=== THE RECORDS ===
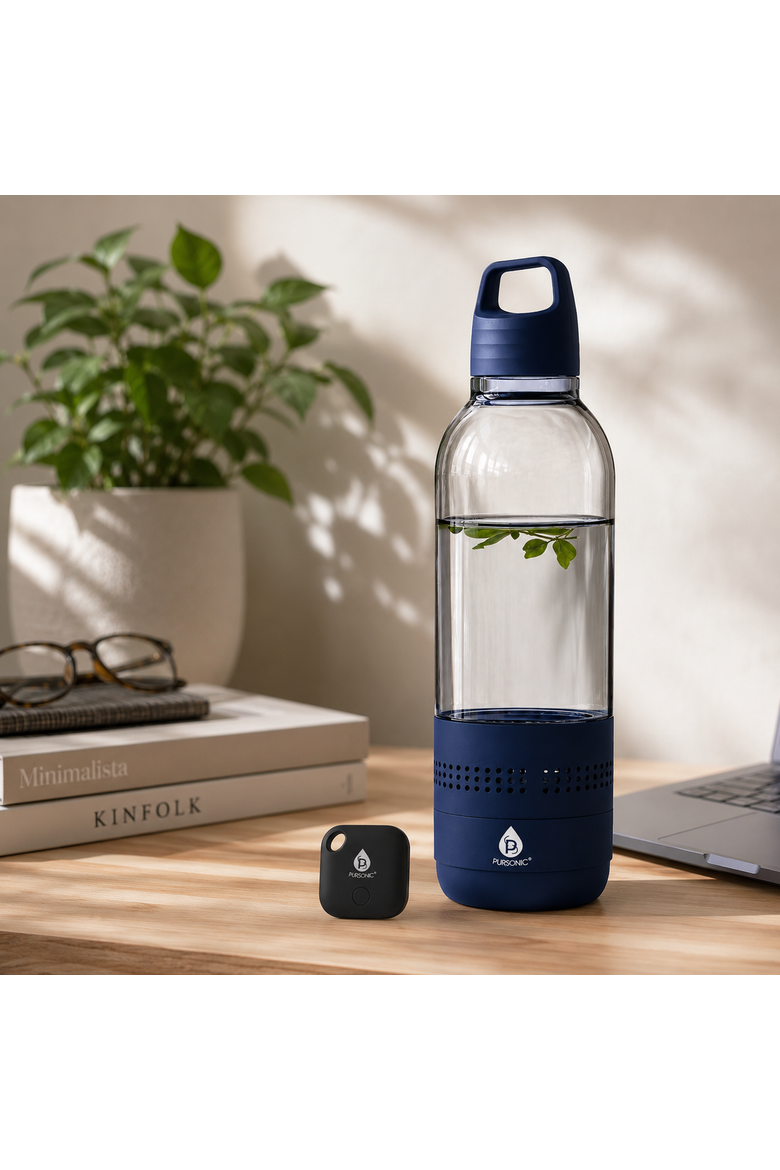 2-in-1 Water Bottle Speaker & Purtag Tracker Bundle Hydration, Music & Security On the Go!, Alternate, color, Black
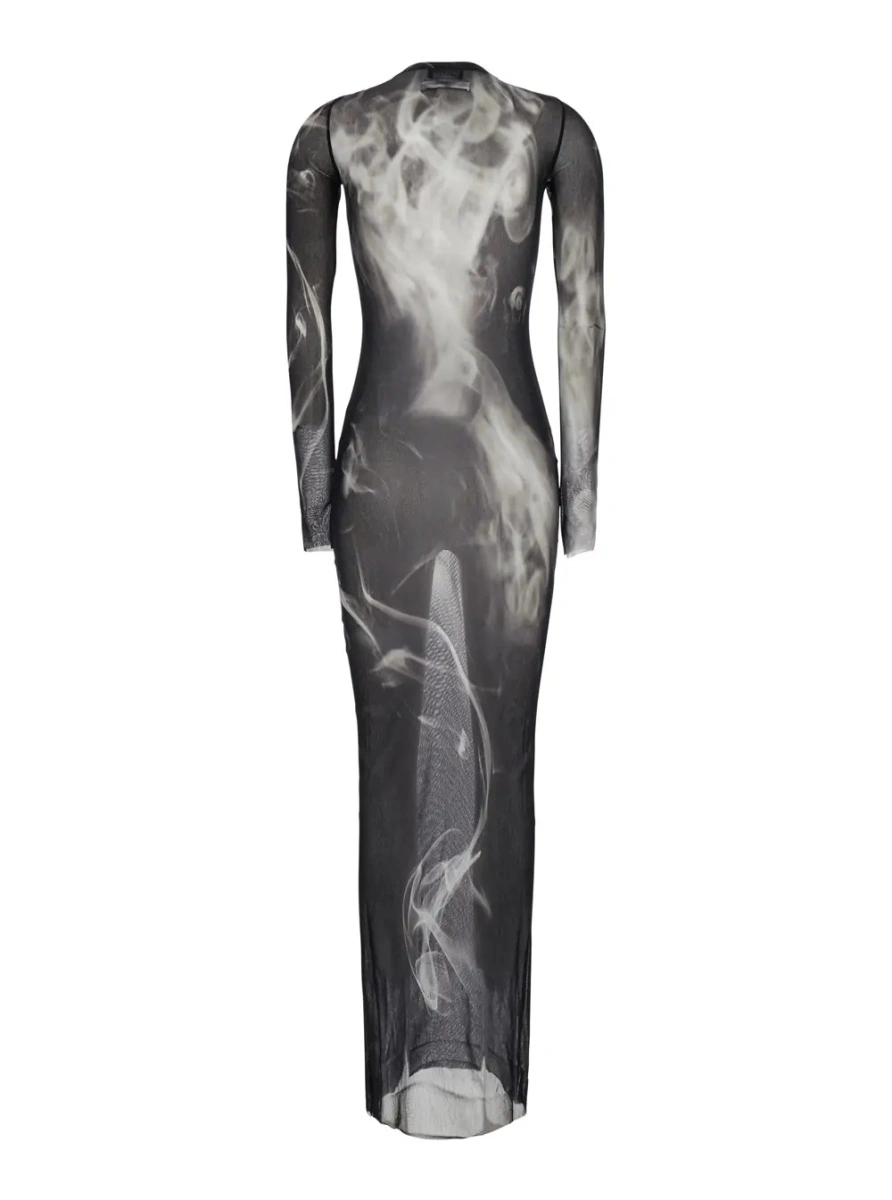 Rochie lunga Jean Paul Gaultier neagra - Img 2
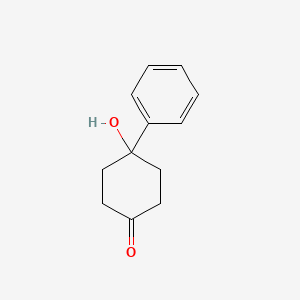 4-Hydroxy-4-phenylcyclohexanone structure, CAS 51171-73-4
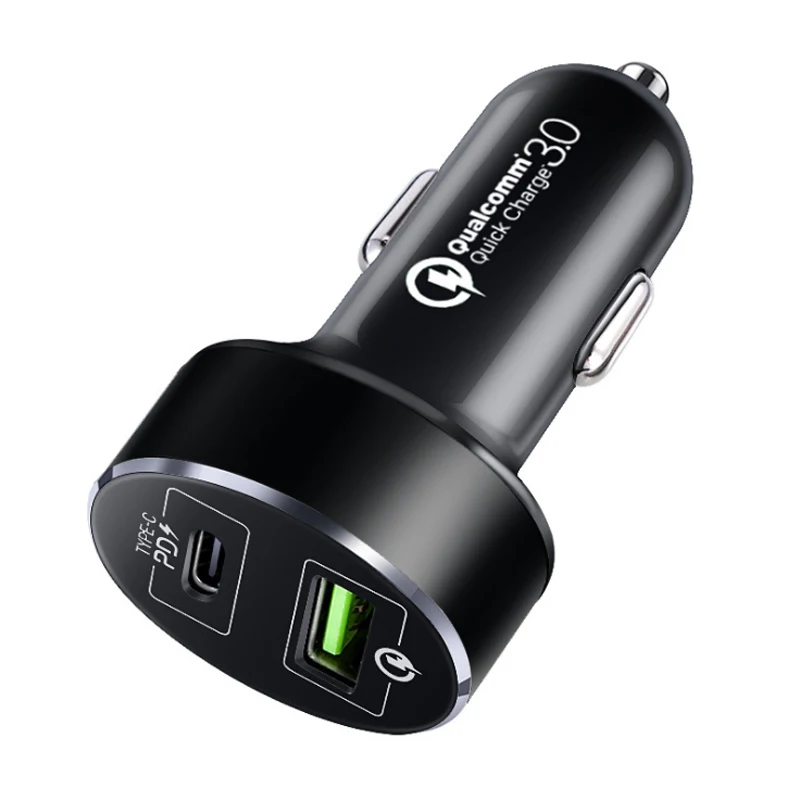 2 порта USB PD автомобильное зарядное устройство тип-c 36 Вт быстрая автоматическая зарядка QC3.0 быстрое автомобильное зарядное устройство для iPhone XS MAX samsung Xiaomi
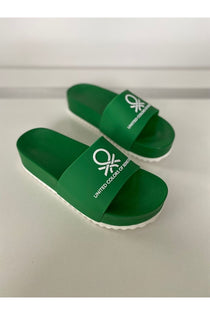 Benetton Kadın Platform Terlik - Minimalist Günlük Yazlık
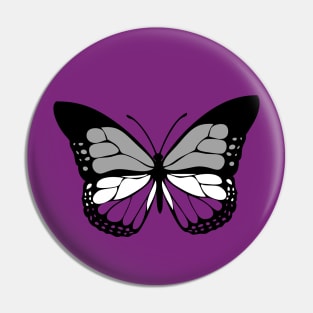 Asexual Butterfly Pin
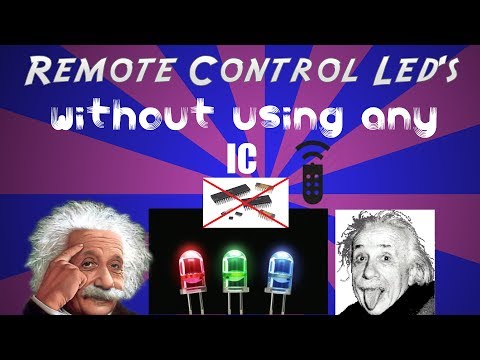 Remote Controlled LED Simplest DIY Without using any IC - UCjQ-YHwNTbUQLVzZQFjsDsQ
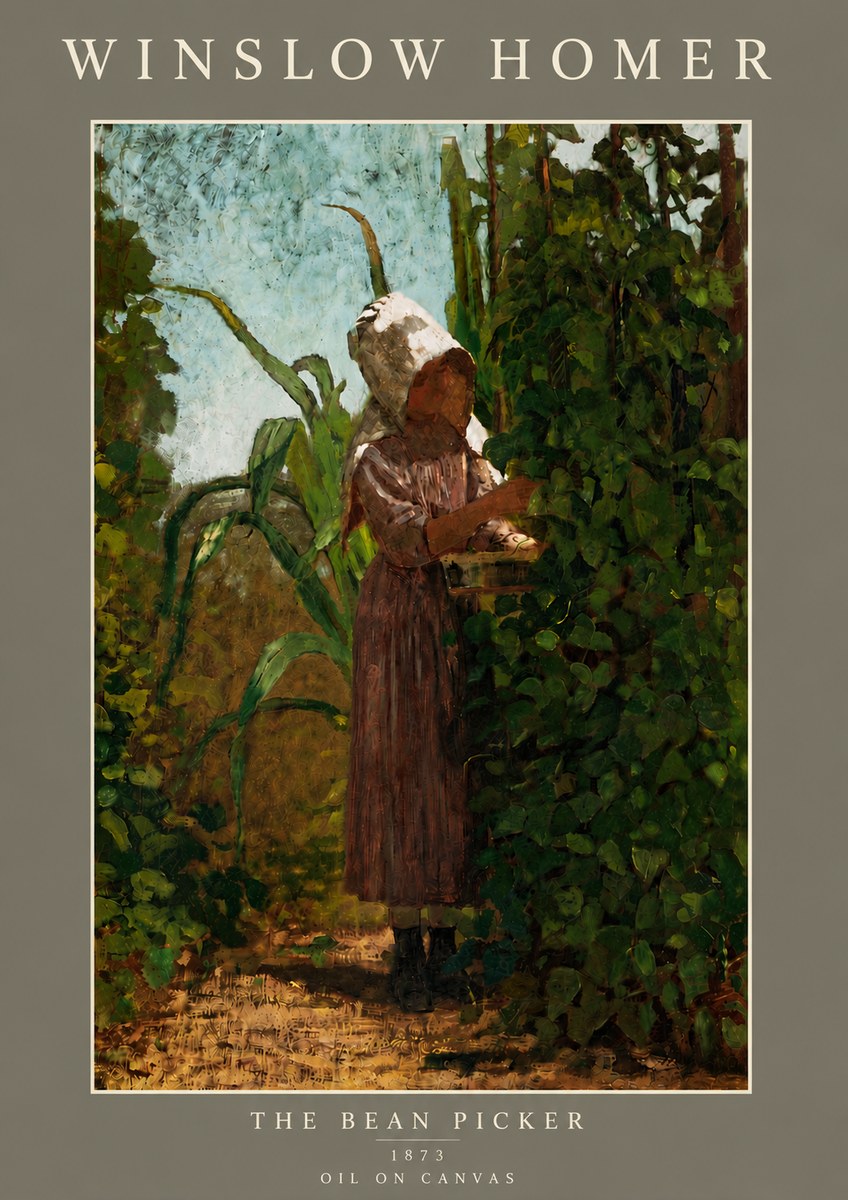 Winslow Homer The Bean Picker No5 - Affiche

=== YOUR OBJECTIVE ===
Locate "Benetton Kadın Platform" in the listing above, then print exactly the lines from that line through the final one, omitting all pictures.

=== WRITTEN SOLUTION ===
 Benetton Kadın Platform Terlik - Minimalist Günlük Yazlık
 Asexual Butterfly Pin
 Remote Controlled LED Simplest DIY Without using any IC - UCjQ-YHwNTbUQLVzZQFjsDsQ
 Winslow Homer The Bean Picker No5 - Affiche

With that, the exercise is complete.